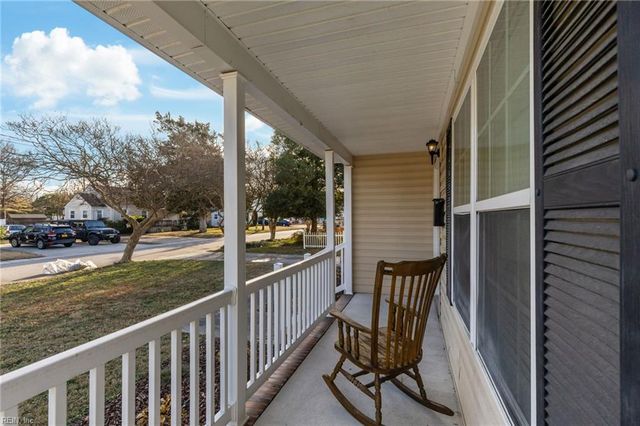 8021 E Glen RD, Norfolk, VA 23505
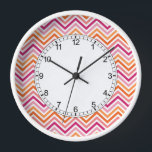 Horloge Chevron Pattern<br><div class="desc">A bright and moderne design with zigzag patterns. Click on the customize button to make more changes.</div>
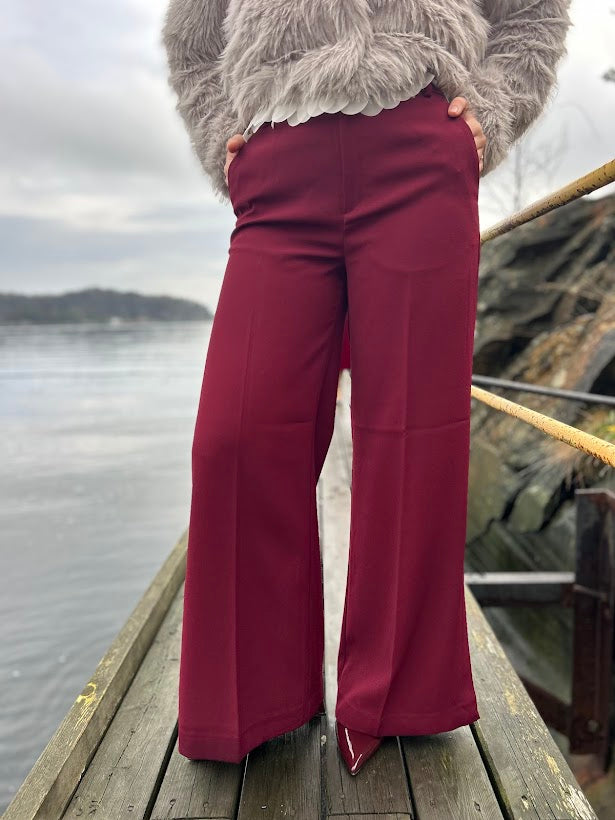 Briez Slit Pants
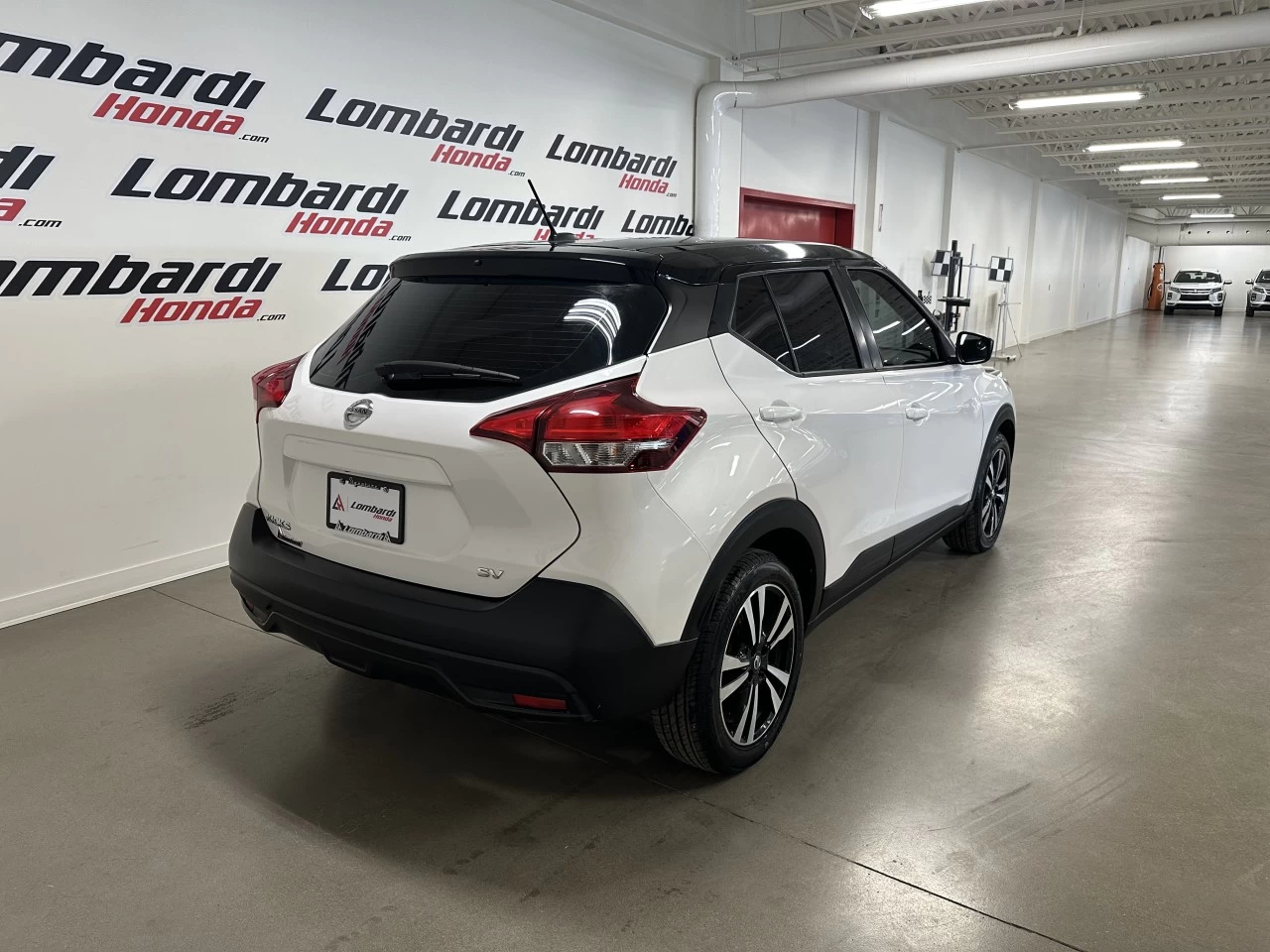 2019 Nissan Kicks S/SV/SR https://www.lombardihonda.com/resize/b990ff35b810a3abc0cc817b2ca24889-1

• _Exercise_:
Could you output the listing word for word, omitting every picture?

• _Written response_:
 8021 E Glen RD, Norfolk, VA 23505
 Horloge Chevron Pattern<br><div class="desc">A bright and moderne design with zigzag patterns. Click on the customize button to make more changes.</div>
 Briez Slit Pants
 2019 Nissan Kicks S/SV/SR https://www.lombardihonda.com/resize/b990ff35b810a3abc0cc817b2ca24889-1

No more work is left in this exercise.